Eventually, Elizabeth’s own carefully tended image was supplanted by a more romantic one: that of the pining virgin fated to rule alone. Popular tales like The History of Queen Elizabeth and Her Great Favorite, the Earl of Essex, in Two Parts—a Romance began appearing anonymously by the late 17th century. By the 20th, the pantomimes of courtly love in which Elizabeth and her courtiers had indulged had become dramas of passion and betrayal in which Leicester, Essex and Mary Queen of Scots were stock characters. For many today, the Earl of Essex is inseparable from Hollywood’s swashbuckling Errol Flynn, who brought Bette Davis to grief in the 1939 hit The Private Lives of Elizabeth and Essex.
In historical terms, Queen Elizabeth I was an unsurpassed model of a learned, intelligent woman. She proved that a queen could rule and rule triumphantly. Sarah Jinner, author of a 1658 “almanack,” asked, “When, or what Commonwealth was ever better governed than this by the virtuous Q. Elizabeth?
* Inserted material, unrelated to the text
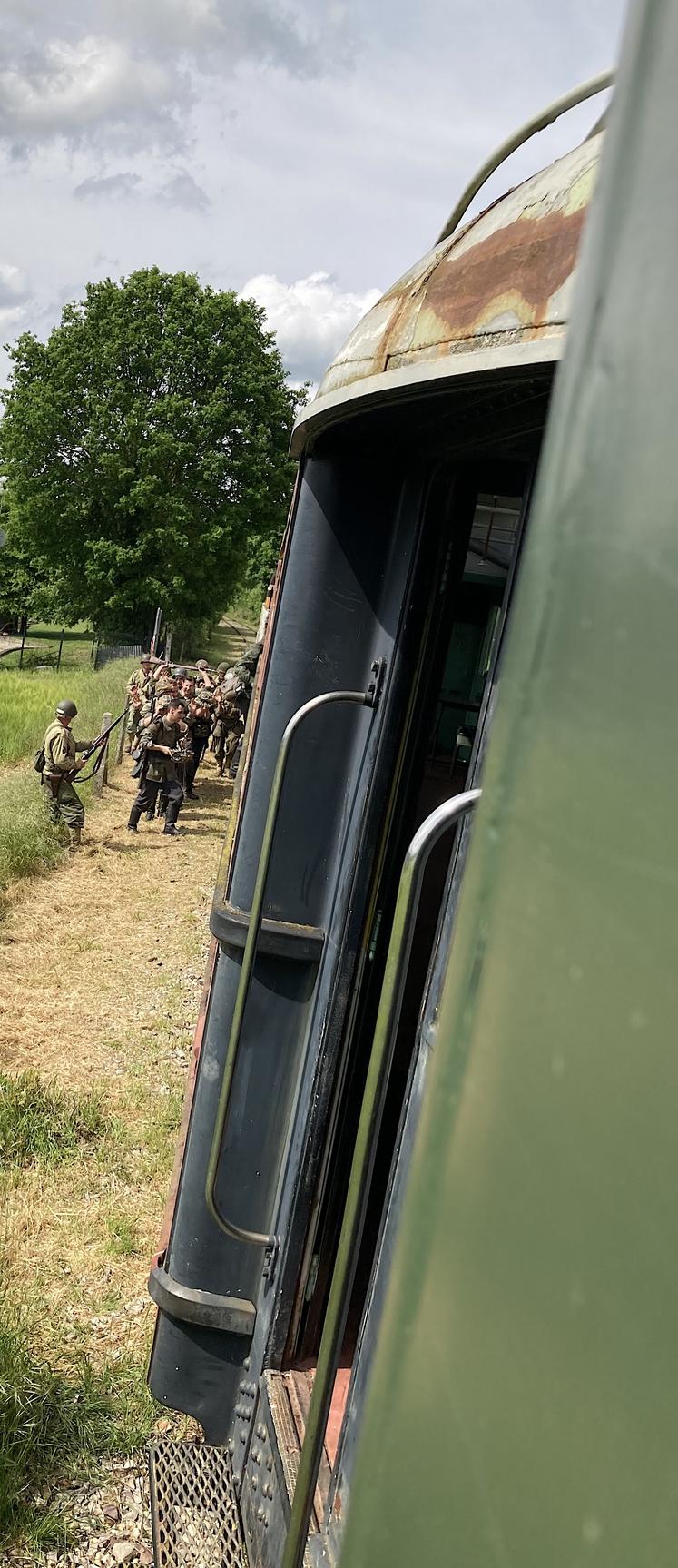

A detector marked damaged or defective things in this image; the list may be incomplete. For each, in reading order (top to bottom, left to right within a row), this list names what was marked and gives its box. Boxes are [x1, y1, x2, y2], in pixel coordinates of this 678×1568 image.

rusty roof [294, 133, 603, 456]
I fear I shall never see the like again, most of your Princes now a dayes are like Dunces in comparison of her.” In a paean from the 1640s, American poet Ann Bradstreet used the memory of “That High and Mighty Princess Queen Elizabeth” to aim a zinger at 17th-century male chauvinists:
Let such as say our sex is void of reason,
Know ’tis a slander now, but once was treason.